Welded construction for surface grinder arbor?

During the time spent rough cutting stock, preheating, welding, post heating, and still having to finish machine it; you could probably make 2 or 3 three of them by simply starting with the appropriate sized solid bar, and just turn them to size. Granted that makes for a lot of swarf, but the time saved would outweigh the waste material IMHO.
 
During the time spent rough cutting stock, preheating, welding, post heating, and still having to finish machine it; you could probably make 2 or 3 three of them by simply starting with the appropriate sized solid bar, and just turn them to size. Granted that makes for a lot of swarf, but the time saved would outweigh the waste material IMHO.
Yes, that's right. I originally misremembered that the portion the wheel goes on was 25mm (an inch) while it's really twice that. This changed things a lot in favor of just starting with a piece of 90-few mm bar. It is most likely I'll do just that.
 
Just looked up that grinder, and it looks like a stout machine! 3hp and 8"x19" work envelope.
 
Just looked up that grinder, and it looks like a stout machine! 3hp and 8"x19" work envelope.
Yes :-) and it weights 3700lbs (1700kg). I was quite lucky to find it at such a low price.

I started on the wheel hub/arbor. It has lots of features...

20230219_185534.jpg

This side is done. Next it will be parted (half way on the lathe, the rest on the bandsaw.). Then the taper needs to be cut and face grooving will happed
 
I'm betting that original is shrink fit with a step. I think that's how they get the weights in there. They put them in while putting the backplate onto the shaft.

Just a guess, but those are captive and you turn the screw to press them to the backplate.

just my humble opinion.
 
I'm betting that original is shrink fit with a step. I think that's how they get the weights in there. They put them in while putting the backplate onto the shaft.

Just a guess, but those are captive and you turn the screw to press them to the backplate.

just my humble opinion.
The original is made from one piece(as far as I can tell). It may not be obvious on the photo, but those weights are cut lengthwise across the grub screw slit. If you remove the screw you can pull halves out easily. That's why they're numbered. To know which one mates with which.

I considered other options just as a material saving measure, but it stopped making sense once I realised the smaller diameter is not as small as I originally thought.

I plan to grind a hss face grooving tool and attempt to make those dovetail cuts on the lathe. The mill with a rotary table plus dovetail cutter being a second option.
 
The original is made from one piece(as far as I can tell). It may not be obvious on the photo, but those weights are cut lengthwise across the grub screw slit. If you remove the screw you can pull halves out easily. That's why they're numbered.
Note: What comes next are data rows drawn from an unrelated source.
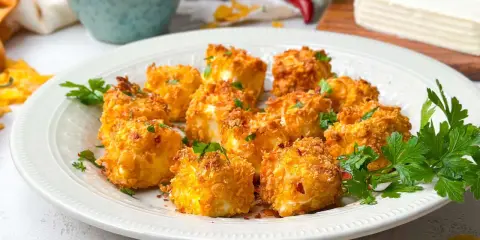 Knusprig panierte Feta-Würfel, im Airfryer zubereitet, garniert mit Petersilie. Ein köstlicher Snack!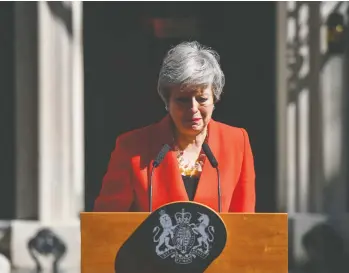  ?? CHRIS J. RATCLIFFE / BLOOMBERG ?? British Prime Minister Theresa May delivers an emotional resignatio­n speech outside 10 Downing Street in London Friday. May announced she will step down June 7 after admitting she had failed to deliver on Brexit.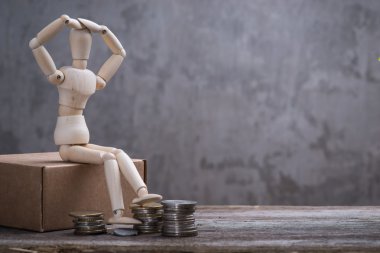 Paralar ile gri beton duvardan oturan ile küçük ahşap kukla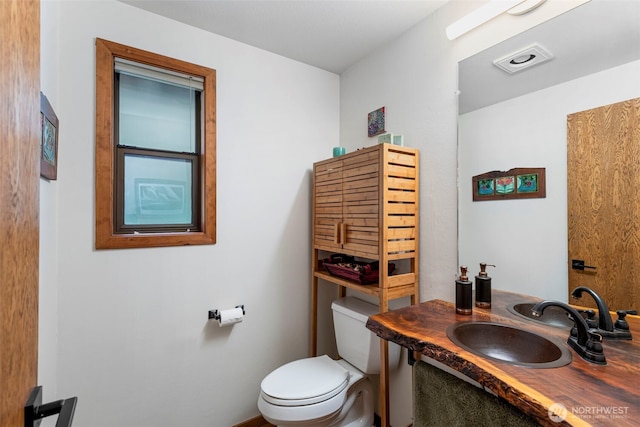 190 Bluffs Dr Unit 1, Port Townsend, WA 98368 - bathroom featuring toilet and vanity
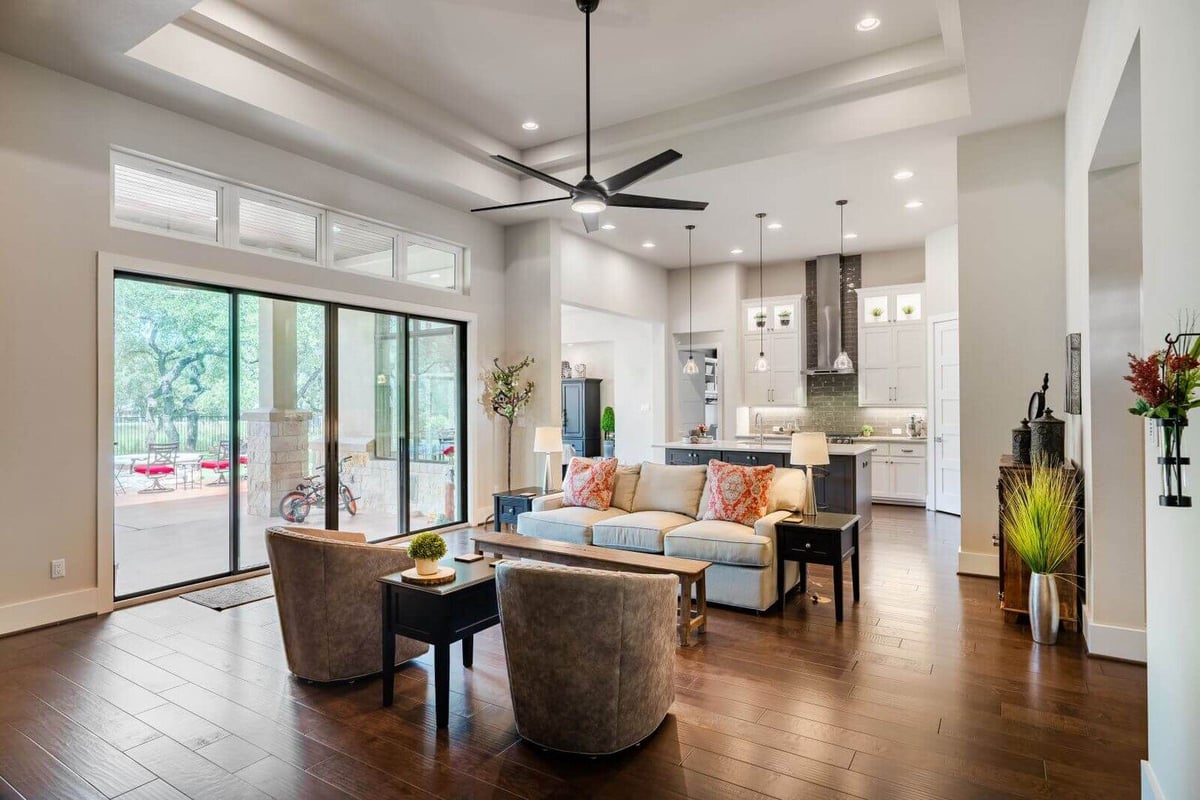 Open-concept living and kitchen area in a custom home by J Bryant Boyd, Georgetown, Texas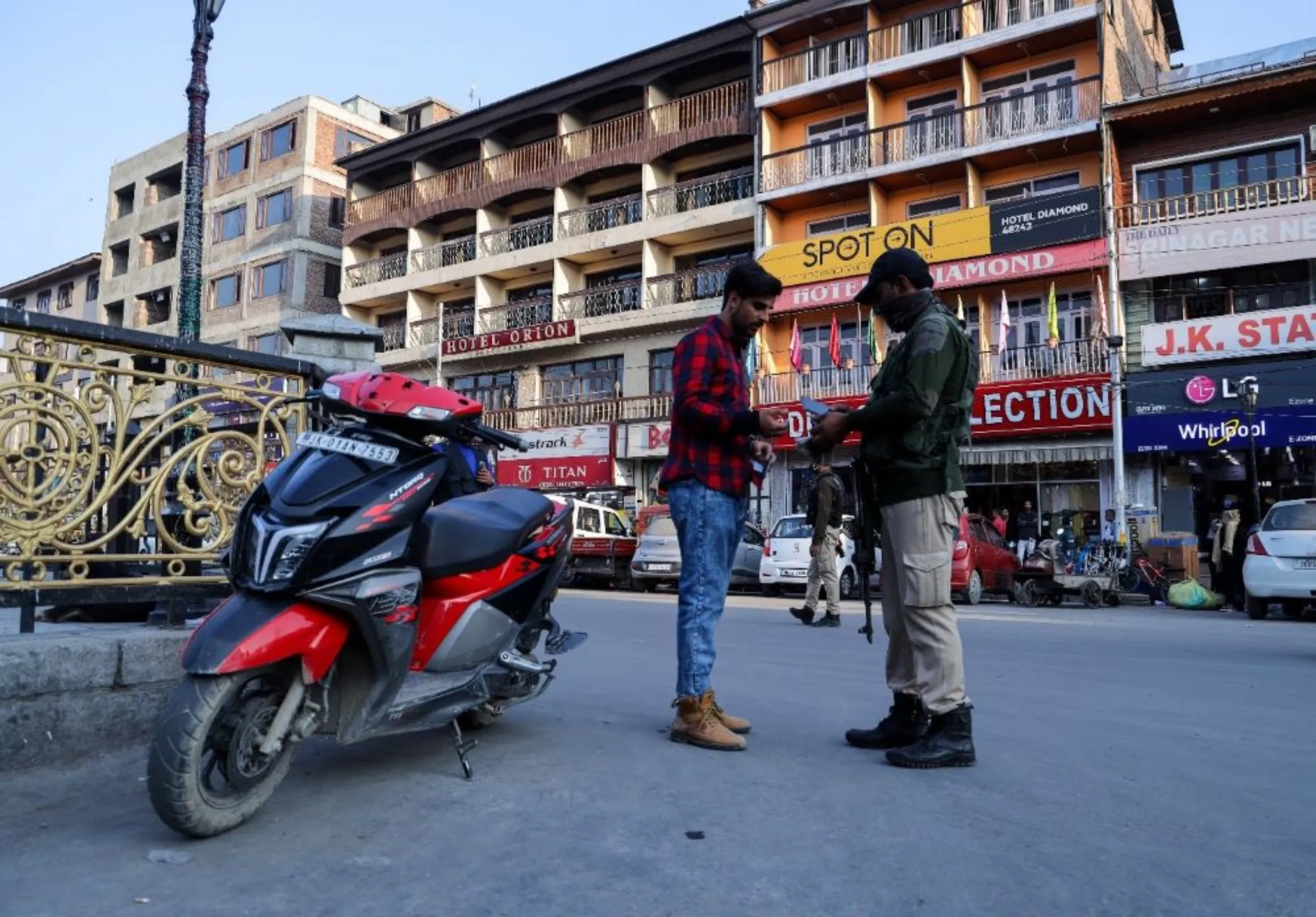 Security forces check the identification documents of a motorist in the Kashmiri city of Srinagar, India. October ‎21, ‎2021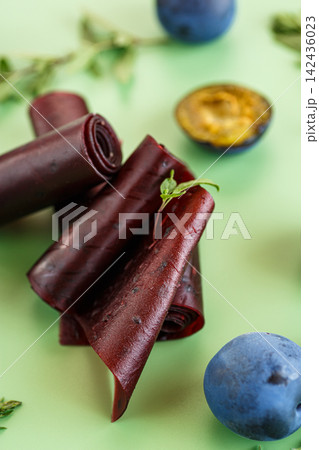 Plum fruit leather with fresh plums and herbs viewed from above Plum fruit leather with fresh plums and herbs viewed from above 142436023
To know which one mates with which.

I considered other options just as a material saving measure, but it stopped making sense once I realised the smaller diameter is not as small as I originally thought.

I plan to grind a hss face grooving tool and attempt to make those dovetail cuts on the lathe. The mill with a rotary table plus dovetail cutter being a second option.
Thanks, I didn't see that originally. I can see that now. Interesting way.. I would guess one of the threaded items is tapered, either the hole or screw?
 
Thanks, I didn't see that originally. I can see that now. Interesting way.. I would guess one of the threaded items is tapered, either the hole or screw?

The walls of the groove weights ride in are tapered. If you were looking at a cross section the groove is much wider at the bottom than at its open top. Then grub screws push the weights against that.

It is a nice solution when you're using it. It allows you to move the weights anywhere. It is not so good when you have to machine another one... First the groove is a challenge. Then those weights.

To make them I think I'll have to make two concentric rings with a light press fit. Fit them together. Then drill and tap. Finally cut them out. Good part of that process is that I'll get spare weights so I'll not have to repeat it for more wheel hubs.

Just making that hub to this stage, and a nut, was lots of work(3 separate threads, 2 internal, face exactly perpendicular to the cylinder, undercut etc) . I wonder how much time it took them to do it originally in 1960-s with no Cnc (certainly in Poland) and with tight tolerances. I wouldn't be surprised if they did it by hand exactly as I'm doing it now.
 
Thanks, I'll be making a few for my surface grinder as well. I have a Delta - Milwaukee tool /surface grinder. The hubs are not standard, and are very expensive. Sopko lists them, but they are not in stock. I bought a rod of 3 inch or 3.5 inch 1144. I might try the 2 piece method and do the weights as one piece rather than split. And when pushing the arbor into the backing, capture them. Seems like it would be the way to go. And I would not pin them together. Rather I would create a chamfer on the wheel side of the backing plate, and just silver solder it. That's all that would be needed.
I think the multi piece hub is a better way to go, so if I mess up a part, I am not out the entire large piece. And that way I can make more. I have a bunch of thin wheels, so I can make short and also cup and diamond holders.
Your idea has been quite helpful thanks.